Posted on Friday, March 5th, 2010

‘“This Living Hand”: The Literary Organ in Dickens and Stevenson’

The hand is a second self. An appendage composed of several organs (skin, muscle, nerves, and bones), the hand is more than its physiological components; it extends human subjectivity. The hand is the body’s instrument of material signification (in gesture, in writing, in making), and, insofar as each hand is as unique as each face, it is a nodal point of identity. In the age of chirography, a person’s handwriting conveys her identity in a triple sense – as a vehicle of linguistic communication (what one says), as a inscription with a legal status (one’s signature, or simply one’s mark), and as a script unique to each individual (hence paleography, and later handwriting analysis).

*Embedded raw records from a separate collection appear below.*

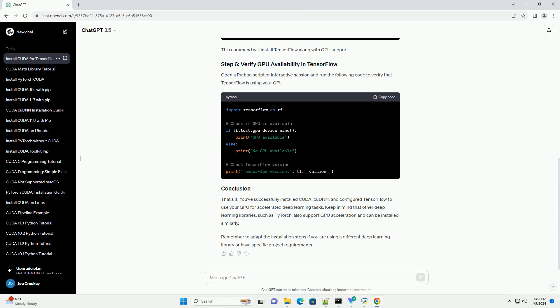Open a Python script or interactive session and run the following code to verify that TensorFlow is using your GPU. That's it. You've successfully installed CUDA, CUDNN, and configured TensorFlow to use your GPU for accelerated deep learning tasks. Keep in mind that other deep learning libraries such as PyTorch also support GPU acceleration and can be installed similarly. Remember to adapt the installation steps if you are using a different deep learning library or have specific project requirements.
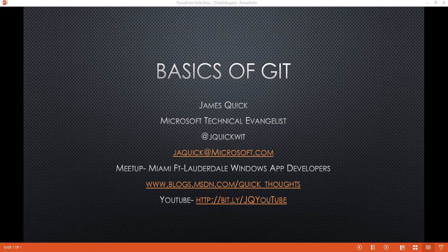My blog is quick_thoughts and then my YouTube channel where you're watching right now is a bitly link, jq YouTube. So here to talk about the basics of Git, and if you're a programmer, if you don't know what Git is, you've probably at least heard of it.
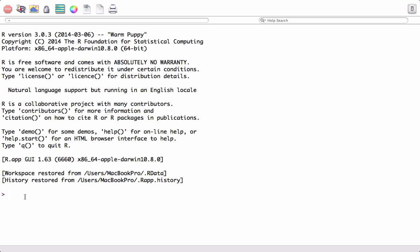It's very important that we set the working directory for the projects we are working on, because there may be a case when we are trying to load files and R is not able to find those files because the working directory is not correct. So let's go ahead and start.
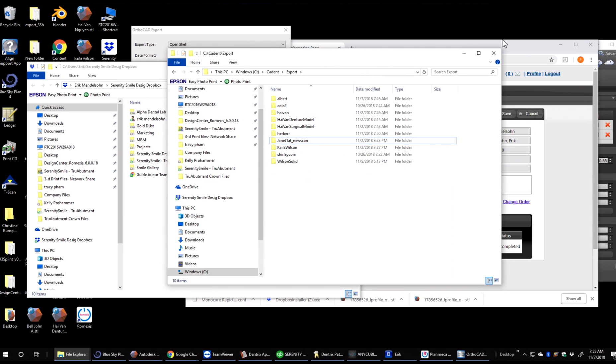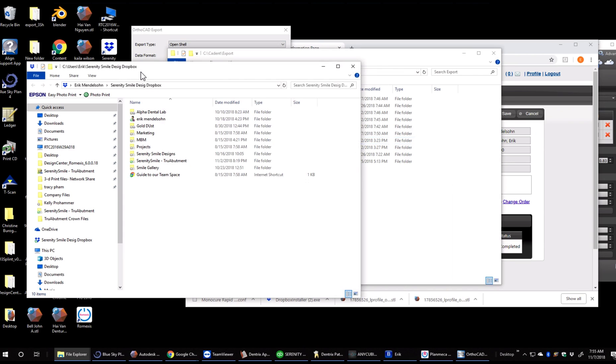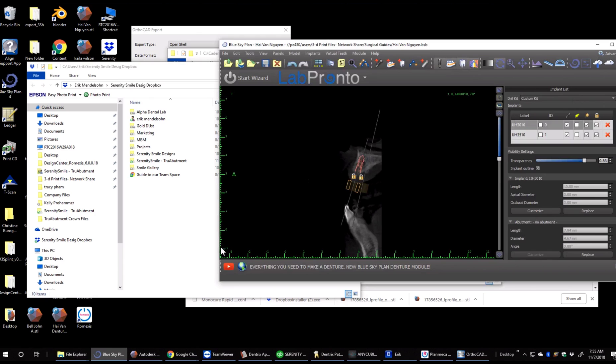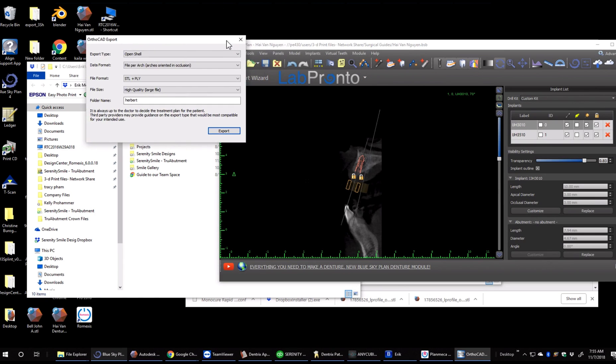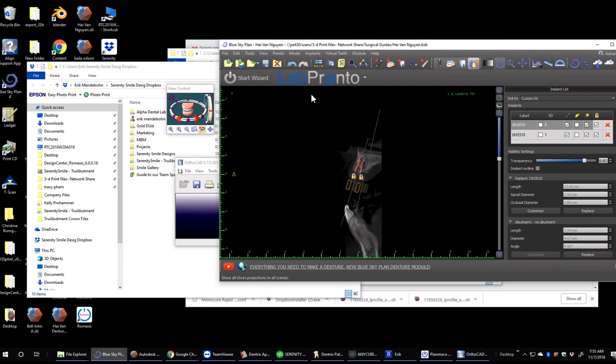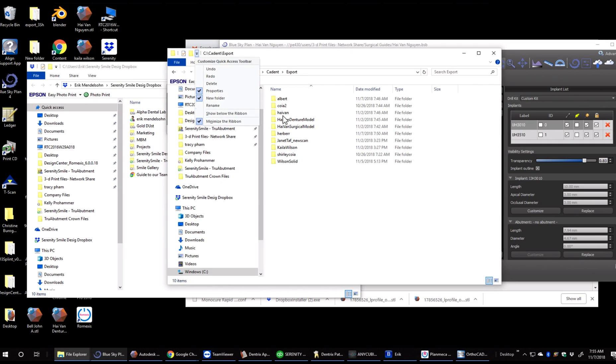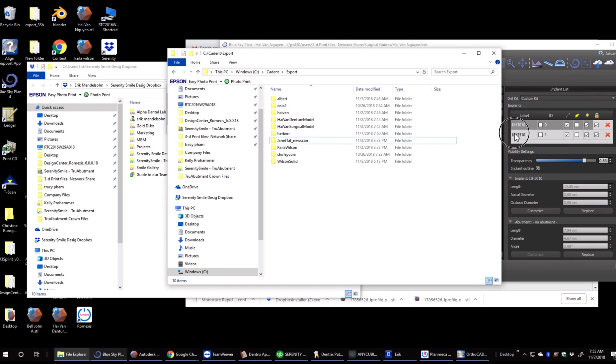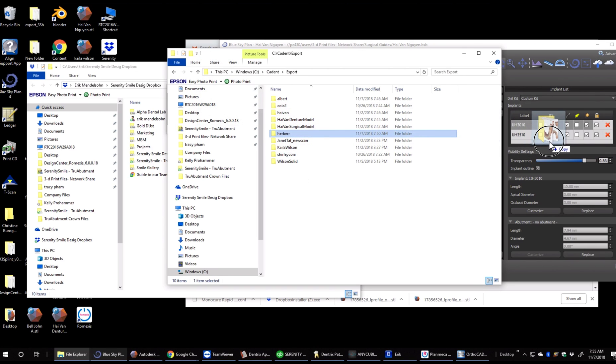We can also take that same file and drag it directly into BlueSkyBio. So if we needed to drag it into BlueSkyBio, we would essentially take that file or any file, drag it in. You see it will copy and open up right there.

Handwriting thus conveys messages and instantiates the writer’s identity at the same time. For Heidegger, these features of the hand and handwriting make them predicates of dasein, the human species. And so, for Heidegger, as for Derrida after him, the typewriter introduces a possible rupture in the purported ontological continuum of human subjectivity that flows from the mind to the hand into space or to the pen and the page.

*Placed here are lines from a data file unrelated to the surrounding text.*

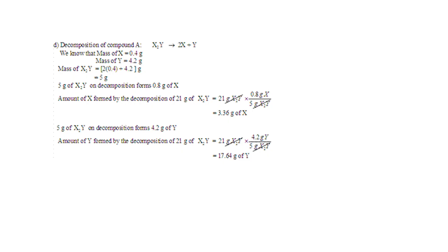Thank you very much. And let's see that this is X2Y, going to 2X plus Y. Okay, so here, you're welcome.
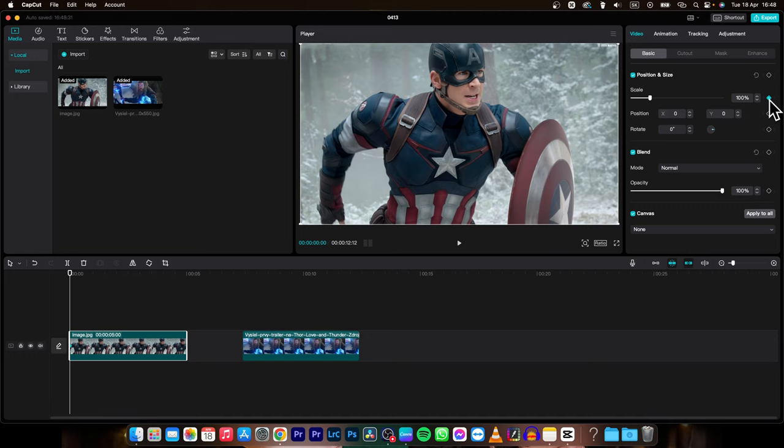Now as you can see this keyframe right here is appearing and you can move it to different time. So let's say at this time the scale will be 100 and the position will be 0 and 0.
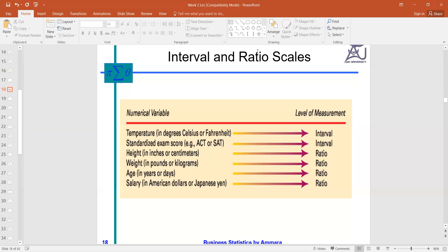Whether the data is discrete or continuous depends on the type of variable. Nominal and ordinal are for the categorical data set, which is in the form of characters and qualities. This is all about the four levels of measurement for the two types of variables. The least is the nominal and the most advanced is the ratio level. Thank you.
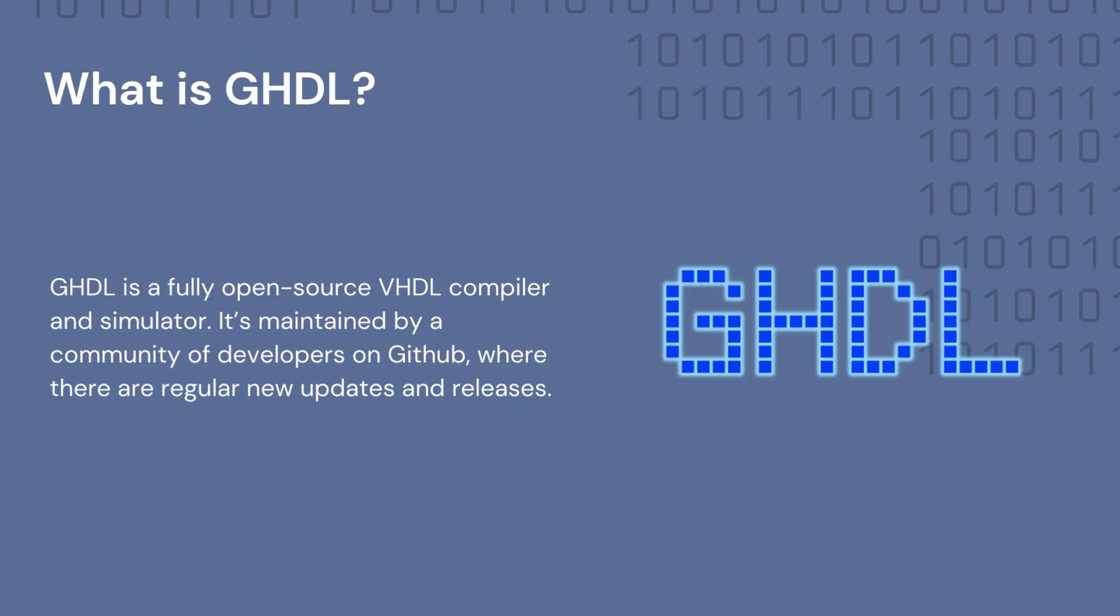So what is GHDL? GHDL is a fully open-source VHDL compiler and simulator, and it's nearly 20 years old. There is a community of developers on GitHub that maintain the GHDL code base and regularly release new updates.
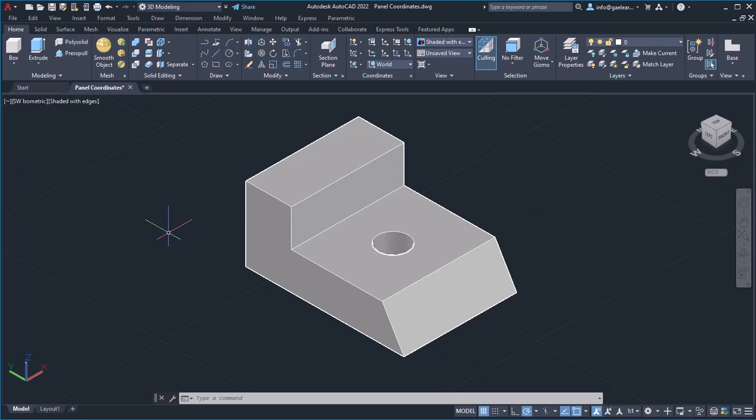You can specify a new position and change the axis orientation in the coordinate system using the UCS command. To specify a new position or change the orientation of the UCS, we can use the tools that can be found in the Coordinates panel of the Home ribbon.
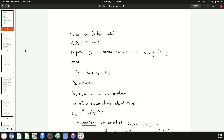This lecture covers some of the basic concepts behind random effects models. To start, let's review what the one-factor model is. We have a factor variable with capital J levels. Our notation for the response is little y_ij, which is the response from the i-th unit that received treatment j.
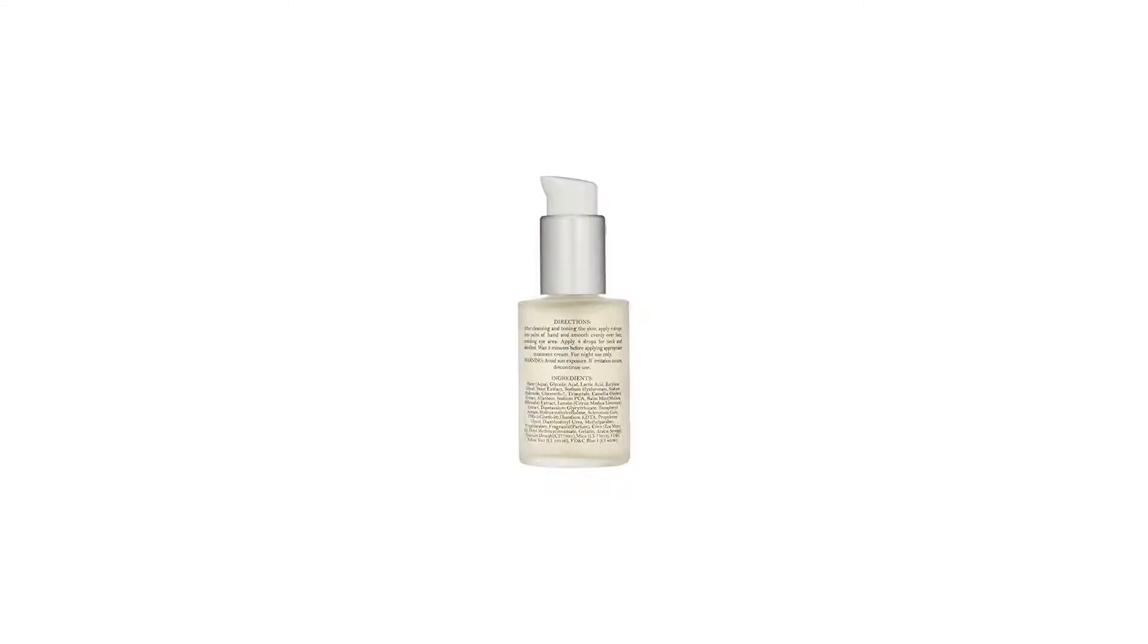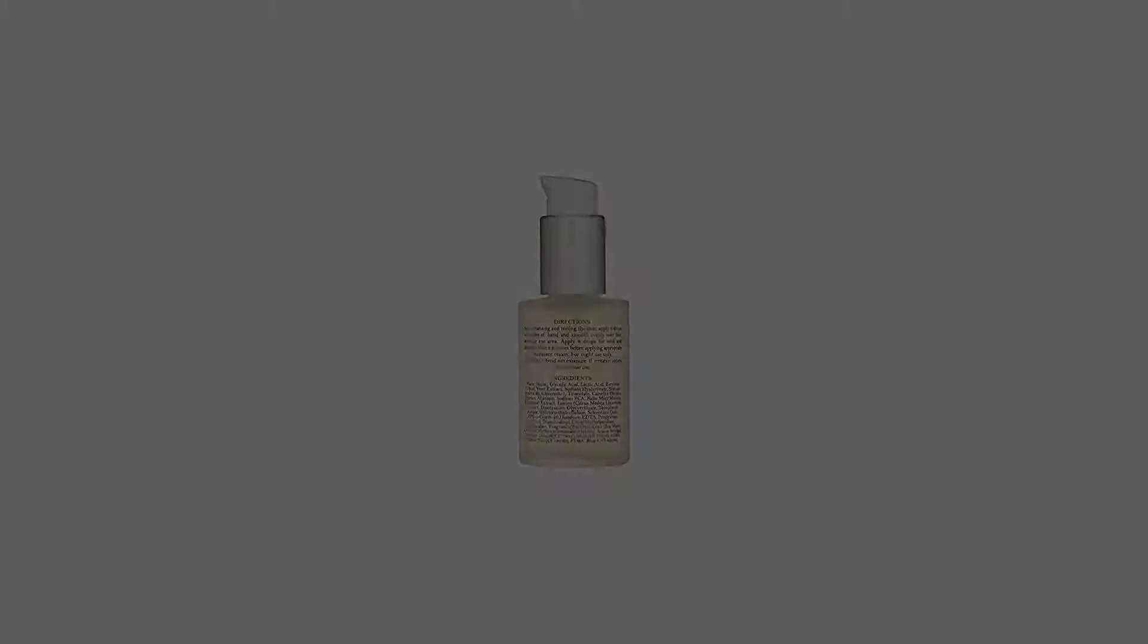Glycolic acid gently exfoliates the skin while Clariscan 2 instantly brightens and refreshes the skin's surface. The antioxidant properties of vitamin E fight environmental stress on the skin. This clarifying formula leaves skin with a healthy, translucent, and youthful skin tone.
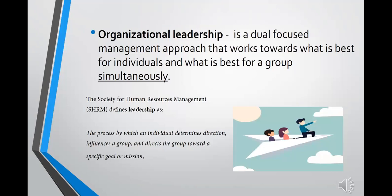By means of these two fundamentals, we define organizational leadership as a dual focus management approach that works towards what is best for individuals and what is best for a group simultaneously. The Society for Human Resources Management (SHRM) defines leadership as a process by which an individual determines direction, influences the group, and directs the group toward a specific goal or mission.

This paper will bring these concerns to bear on an historical subject: the late age of chirographic authorship prior to the acceptance of the typewriter for literary production. My case studies will be Dickens’s Bleak House and Stevenson’s Dr. Jekyll and Mr. Hyde. While Dickens’s novel expresses a faith (like Heidegger) in the organic flow of humanity through the hands, Stevenson’s novel expresses a suspicion (like Derrida) of the two-fold premises of this faith –  the premise that technology and organicism can be separated, and the premise that identity coheres in presence. My method in this paper will combine the philosophical framework described above with strategic readings of these two novels; in addition, both will be set in the material context of literary chirography circa 1850 to 1885.